Ecco, secondo me, la gente che è andata in piazza il 7 luglio del 1960, io in questo movimento, nel fatto di andare in piazza, nonostante la polizia avesse già reagito in modo violento nei giorni precedenti, nel fatto di andare in piazza proprio contro la violenza della polizia, che è stato quello che è successo a Reggio Emilia il 7 luglio del 1960, io ci leggo due cose, la prima è che questa piazza qui, la piazza dei teatri, è di tutti, e tutte le piazze e le strade e i viali di Reggio Emilia e di tutte le città dell’Emilia e dell’Italia e del Mondo, sono di tutti: la seconda che non bisogna avere paura.

E a me sembra che i famigliari di Lauro Farioli, Ovidio Franchi, Emilio Reverberi, Marino Serri e Afro Tondelli, questa cosa qua, che gli hanno ucciso il fratello, o il padre, o il figlio, quand’erano in vita i genitori, son cinquant’anni che la guardanno in faccia, senza avere paura, ce l’hanno lì, tutti i giorni, è lo zaino che si mettono addosso quando escon di casa, e questa cosa, questo peso, questo zaino, ai miei occhi, li ha vivificati, li ha benedetti, li ha fatti diventar degli esempi, e, per quanto sia difficile, sarebbe bello se io, se noi, mi viene da dire, riuscissimo perlomeno a provare a far come loro.

C’è un libro di Kapuscinski sull’Iran, si intitola Sha in sha, e a un certo punto Kapuscinski dice così:

I libri sulle rivoluzioni inziano di solito con un capitolo dedicato alla corruzione del potere in declino, alla miseria e alle sofferenze del popolo. Dovrebbero invece cominciare con un capitolo di analisi psicologica dove si spieghi il processo per cui un uomo oppresso e in preda al terrore vince improvvisamente i suoi timori e smette di avere parua. È un processo insolito, che talvolta si compie in un attimo come per una specie di choc liberatorio: l’uomo si sbarazza della paura e si sente libero.

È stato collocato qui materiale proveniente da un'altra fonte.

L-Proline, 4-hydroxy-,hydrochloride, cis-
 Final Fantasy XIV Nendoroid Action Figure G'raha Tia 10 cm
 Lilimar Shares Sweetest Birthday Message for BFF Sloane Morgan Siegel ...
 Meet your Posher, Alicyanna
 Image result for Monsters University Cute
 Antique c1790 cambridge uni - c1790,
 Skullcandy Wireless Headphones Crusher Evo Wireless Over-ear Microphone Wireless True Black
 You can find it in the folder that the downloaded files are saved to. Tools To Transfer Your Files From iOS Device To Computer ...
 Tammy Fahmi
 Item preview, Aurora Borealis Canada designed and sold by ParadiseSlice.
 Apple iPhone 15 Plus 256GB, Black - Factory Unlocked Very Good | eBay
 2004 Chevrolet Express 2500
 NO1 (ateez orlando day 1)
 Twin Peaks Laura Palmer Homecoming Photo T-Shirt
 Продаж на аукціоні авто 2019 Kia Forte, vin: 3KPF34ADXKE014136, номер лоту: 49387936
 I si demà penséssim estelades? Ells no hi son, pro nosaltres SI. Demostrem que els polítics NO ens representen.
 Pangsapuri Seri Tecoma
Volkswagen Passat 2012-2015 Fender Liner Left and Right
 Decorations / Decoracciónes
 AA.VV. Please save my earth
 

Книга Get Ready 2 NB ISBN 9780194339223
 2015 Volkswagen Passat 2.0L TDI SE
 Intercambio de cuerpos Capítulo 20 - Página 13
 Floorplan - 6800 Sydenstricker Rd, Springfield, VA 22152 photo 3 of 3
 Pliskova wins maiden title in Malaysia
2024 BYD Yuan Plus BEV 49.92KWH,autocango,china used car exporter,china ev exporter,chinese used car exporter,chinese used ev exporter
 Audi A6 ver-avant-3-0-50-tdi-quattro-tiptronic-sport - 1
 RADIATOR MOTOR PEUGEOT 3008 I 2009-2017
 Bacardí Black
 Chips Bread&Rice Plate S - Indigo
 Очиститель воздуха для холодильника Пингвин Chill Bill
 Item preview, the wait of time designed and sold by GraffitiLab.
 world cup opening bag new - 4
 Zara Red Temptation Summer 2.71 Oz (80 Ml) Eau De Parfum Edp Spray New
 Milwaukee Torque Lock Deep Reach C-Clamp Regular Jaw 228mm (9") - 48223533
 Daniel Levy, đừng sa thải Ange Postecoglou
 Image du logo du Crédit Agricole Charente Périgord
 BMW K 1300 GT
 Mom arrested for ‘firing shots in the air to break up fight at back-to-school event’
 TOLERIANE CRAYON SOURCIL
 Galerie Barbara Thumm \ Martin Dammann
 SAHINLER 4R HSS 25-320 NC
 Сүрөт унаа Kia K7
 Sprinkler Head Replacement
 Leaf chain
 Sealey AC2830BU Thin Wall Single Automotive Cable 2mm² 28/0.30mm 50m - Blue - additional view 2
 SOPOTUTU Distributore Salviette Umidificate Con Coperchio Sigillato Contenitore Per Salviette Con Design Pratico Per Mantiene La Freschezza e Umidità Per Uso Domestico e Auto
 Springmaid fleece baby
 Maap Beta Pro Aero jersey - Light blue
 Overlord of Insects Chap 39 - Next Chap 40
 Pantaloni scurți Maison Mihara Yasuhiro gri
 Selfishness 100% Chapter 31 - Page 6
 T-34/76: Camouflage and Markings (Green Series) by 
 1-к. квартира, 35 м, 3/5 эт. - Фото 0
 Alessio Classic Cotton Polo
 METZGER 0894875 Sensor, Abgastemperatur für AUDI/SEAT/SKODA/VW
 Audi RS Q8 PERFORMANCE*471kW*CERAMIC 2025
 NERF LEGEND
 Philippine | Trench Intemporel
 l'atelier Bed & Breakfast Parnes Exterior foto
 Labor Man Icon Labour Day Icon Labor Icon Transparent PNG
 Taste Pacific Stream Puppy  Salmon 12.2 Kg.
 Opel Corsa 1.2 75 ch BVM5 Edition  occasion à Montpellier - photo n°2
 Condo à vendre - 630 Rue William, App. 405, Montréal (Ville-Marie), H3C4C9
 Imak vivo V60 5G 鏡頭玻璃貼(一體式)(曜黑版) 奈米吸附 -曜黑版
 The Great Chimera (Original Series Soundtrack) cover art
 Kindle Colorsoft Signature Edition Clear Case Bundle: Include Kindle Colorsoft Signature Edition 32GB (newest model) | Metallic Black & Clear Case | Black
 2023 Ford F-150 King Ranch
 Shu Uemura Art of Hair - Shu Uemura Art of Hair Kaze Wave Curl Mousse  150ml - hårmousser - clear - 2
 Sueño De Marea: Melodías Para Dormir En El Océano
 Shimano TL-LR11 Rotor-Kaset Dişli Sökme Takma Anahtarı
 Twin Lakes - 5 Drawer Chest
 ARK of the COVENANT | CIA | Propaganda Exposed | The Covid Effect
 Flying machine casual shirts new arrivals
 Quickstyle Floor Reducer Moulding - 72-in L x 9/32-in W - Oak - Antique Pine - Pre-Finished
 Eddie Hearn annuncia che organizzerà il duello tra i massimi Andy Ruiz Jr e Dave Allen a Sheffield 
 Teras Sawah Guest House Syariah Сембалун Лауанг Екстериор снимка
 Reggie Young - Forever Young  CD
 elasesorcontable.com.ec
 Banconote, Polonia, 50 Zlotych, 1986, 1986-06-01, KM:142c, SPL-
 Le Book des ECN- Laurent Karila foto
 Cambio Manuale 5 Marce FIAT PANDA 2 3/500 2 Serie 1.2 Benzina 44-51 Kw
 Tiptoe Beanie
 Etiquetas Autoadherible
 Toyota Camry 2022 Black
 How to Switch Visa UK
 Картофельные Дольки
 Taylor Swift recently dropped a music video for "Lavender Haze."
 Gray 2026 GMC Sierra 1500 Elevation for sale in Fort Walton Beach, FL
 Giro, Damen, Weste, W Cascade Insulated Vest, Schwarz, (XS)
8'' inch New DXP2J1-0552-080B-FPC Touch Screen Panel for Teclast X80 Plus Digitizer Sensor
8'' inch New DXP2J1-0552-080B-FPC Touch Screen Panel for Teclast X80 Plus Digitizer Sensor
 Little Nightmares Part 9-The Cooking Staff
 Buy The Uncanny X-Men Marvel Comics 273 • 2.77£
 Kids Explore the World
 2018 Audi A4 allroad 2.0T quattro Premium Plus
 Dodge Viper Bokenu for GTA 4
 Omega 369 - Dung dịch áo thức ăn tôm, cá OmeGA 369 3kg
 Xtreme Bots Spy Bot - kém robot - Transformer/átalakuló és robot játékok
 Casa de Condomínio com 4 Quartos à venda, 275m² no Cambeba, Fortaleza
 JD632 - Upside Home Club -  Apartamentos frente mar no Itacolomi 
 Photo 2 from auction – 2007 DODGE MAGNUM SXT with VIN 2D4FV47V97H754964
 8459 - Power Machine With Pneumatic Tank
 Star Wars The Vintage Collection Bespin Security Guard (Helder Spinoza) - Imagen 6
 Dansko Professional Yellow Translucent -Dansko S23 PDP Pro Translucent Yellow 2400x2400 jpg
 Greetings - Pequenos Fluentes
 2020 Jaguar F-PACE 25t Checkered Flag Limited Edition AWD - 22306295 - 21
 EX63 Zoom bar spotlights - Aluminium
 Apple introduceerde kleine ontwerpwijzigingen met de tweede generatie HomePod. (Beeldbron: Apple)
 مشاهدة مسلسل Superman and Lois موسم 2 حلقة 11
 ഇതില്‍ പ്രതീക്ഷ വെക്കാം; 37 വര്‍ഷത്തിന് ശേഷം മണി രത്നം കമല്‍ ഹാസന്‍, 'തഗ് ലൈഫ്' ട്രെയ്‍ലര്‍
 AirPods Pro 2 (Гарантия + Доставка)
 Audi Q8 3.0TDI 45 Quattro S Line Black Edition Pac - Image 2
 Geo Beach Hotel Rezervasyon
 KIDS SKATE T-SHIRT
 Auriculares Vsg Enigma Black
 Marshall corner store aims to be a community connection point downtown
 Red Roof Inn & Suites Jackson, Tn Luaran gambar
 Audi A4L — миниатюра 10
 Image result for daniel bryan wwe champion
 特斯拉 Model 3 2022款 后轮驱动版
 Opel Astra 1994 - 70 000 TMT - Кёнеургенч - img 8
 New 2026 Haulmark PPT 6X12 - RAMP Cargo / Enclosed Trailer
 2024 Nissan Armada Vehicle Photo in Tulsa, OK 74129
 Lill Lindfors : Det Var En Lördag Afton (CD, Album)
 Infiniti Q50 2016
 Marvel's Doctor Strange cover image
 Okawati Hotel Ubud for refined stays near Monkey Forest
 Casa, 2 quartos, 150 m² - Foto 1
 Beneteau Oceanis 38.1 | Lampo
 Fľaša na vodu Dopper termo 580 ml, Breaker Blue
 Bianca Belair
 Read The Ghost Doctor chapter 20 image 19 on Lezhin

Senza questo processo, non ci sarebbe alcuna rivoluzione.

C’è una canzone, che ho sentito cantare recentemente dal coro delle mondine di Novi, dove c’è quel ritornello famoso: Sì ben che siamo donne, paura non abbiamo, che a me mi commuove perché la cantava mia nonna, e mia nonna, i suoi eran mezzadri, e eran diciassette fratelli e sorelle, e suo marito, mio nonno, era orfano, e eran così poveri, anzi, c’era una miseria, a Parma si dice In casa nostra c’era una miseria, che quando siam diventati poveri abbiam fatto una festa.

Ecco mia nonna, quando si è sposata, mi han raccontato che le sue amiche le avevan chiesto come mai avevo sposato un uomo così brutto, girava la voce che mio nonno era brutto, secondo me era non bello, bellissimo, ma allora dicevano che era brutto, non era tanto alto, i capelli rossi, le lentiggini.

Be’ mia nonna una volta me l’ha spiegato, perché aveva sposato mio nonno. C’era stato un furto, e i carabinieri gli erano entrati in casa con le armi spianate per perquisirgli la casa, e Tuo nonno, mi ha detto mia nonna, li guardava in faccia come per dirgli E allora? Credete di farci paura? Non ci fate mica paura.

Che va be’, mio nonno poi è mio nonno, e io, essendo lui mio nonno, e quel nonno lì, io gli voglio un bene che non si può dire ma secondo me, al di là del fatto che era mio nonno, aveva ragione mio nonno, e lo diceva già un altro, tempo prima: Cosa ci possono fare? Ci possono ammazzare, ma non ci possono fare del male. Grazie.